本研究では、電解液として55 mol/kgのK(FSA)0.6(OTf)0.4・1H2O水溶液、負極に3,4,9,10-ペリレンテトラカルボン酸ジイミド(PTCDI)を使用した水系カリウムイオン電池を測定対象としました。この電池に各種分析法を適用して、SEI被膜の挙動を解析しました。その結果、リチウムイオン電池で見られるSEI被膜と同様に、明確な不動態化構造を形成していることが明らかとなりました。また、SEI被膜が初期サイクル中に電解質の陰イオンを分解しながら成長することが示唆されました。さらに、低濃度電解質から高濃度電解質に変化させた場合、水素発生の電位が-0.9 Vから-1.4 V 以下までシフトすることが確認されました。SEI被膜は不動態として振る舞うと考えられますが、電極全体の被覆が不完全なことが水素発生と電位窓の制限に関与している可能性が高いと考えられます。


本研究は、SEI被膜の特性評価を行うための新たな電気化学的アプローチ法で、SEI被膜の安定性や形成時の状態を追跡するための強力な手段です。今回測定した電池以外のさまざまな電池にも適用可能であるため、幅広い電池開発の促進が期待されます。

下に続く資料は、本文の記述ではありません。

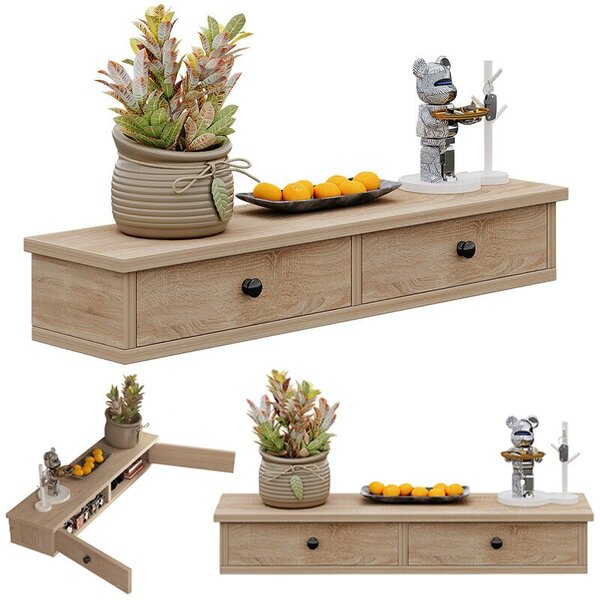 Półka wisząca z drzwiczkami brązowa nowoczesna loft sypialnia ścienna 64 cm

本研究成果は、国際学術誌「Angewandte Chemie International Edition」にオープンアクセスで掲載されました(オンライン版:8月18日、Version of Record:9月15日、冊子版:印刷中)。


※PR TIMESのシステムでは上付き・下付き文字を使用できないため、化学式や単位記号が正式な表記と異なる場合がございますのでご留意ください。正式な表記は、東京理科大学WEBページ(https://www.tus.ac.jp/today/archive/20230913_0911.html)をご参照ください。 


【研究の背景】

近年、リチウムイオン電池の電解液として用いられる有機溶媒を水溶液に置き換えた水系電池が注目されています。水系電池では高濃度の無機塩をベースとした電解質を使用して、電池を動作させることができます。電池の安全性や環境への配慮に加え、豊富に存在する資源を使用することができるため、コストを抑えた幅広い用途への使用が期待されています。現在、水系リチウムイオン電池、水系ナトリウムイオン電池、水系カリウムイオン電池などの開発が進んでおり、3 Vを越える起電力が報告された例もあります。中でも水系カリウムイオン電池は、近年特に注目が集まっている技術で、リチウムイオン電池に比べて安価な材料で作製できるだけでなく、高い安全性と優れた起電力を得ることが期待されています。一方で水系電池においては、条件によって電解液中の水の電気分解が生じることが課題の1つとなっています。電解液には種類ごとに電位窓(溶媒や電解質の酸化還元反応が生じない電位の範囲)があり、正極と負極の反応電位が電位窓の範囲内にあることが求められます。水溶液では電位窓が狭いので、有機溶媒を用いたときと比較して高い起電力を持つことが難しいと言われています。


この電位窓を拡大して電池性能を向上するために、SEI被膜を利用する方法があります。SEI被膜は、電解液の分解や自己放電を防ぐ上で大きな役割を果たすことが知られており、これを理想的に制御することで、電池性能の向上が実現できると期待されています。しかしながら、SEI被膜に関する研究例の多くはリチウムイオン電池に関するものであり、カリウムイオン電池に焦点を当てたものはほとんどありませんでした。そのため、カリウム塩電解液におけるSEI被膜の特性については未解明のままでした。


【研究結果の詳細】

はじめに、3極式セルを用いてK(FSA)0.6(OTf)0.4・1H2O中におけるPTCDI電極の充放電挙動を評価しました。初回サイクルの充放電効率は約76%で、いくつかの不可逆的なプロセスがあることが示唆されました。さらにサイクルを繰り返すと、130 mAh/g 前後の安定した放電容量を示し、11 サイクル目には 充放電効率は約96%まで回復しました。これは、電解液の分解とSEI被膜の形成に起因していると考えられます。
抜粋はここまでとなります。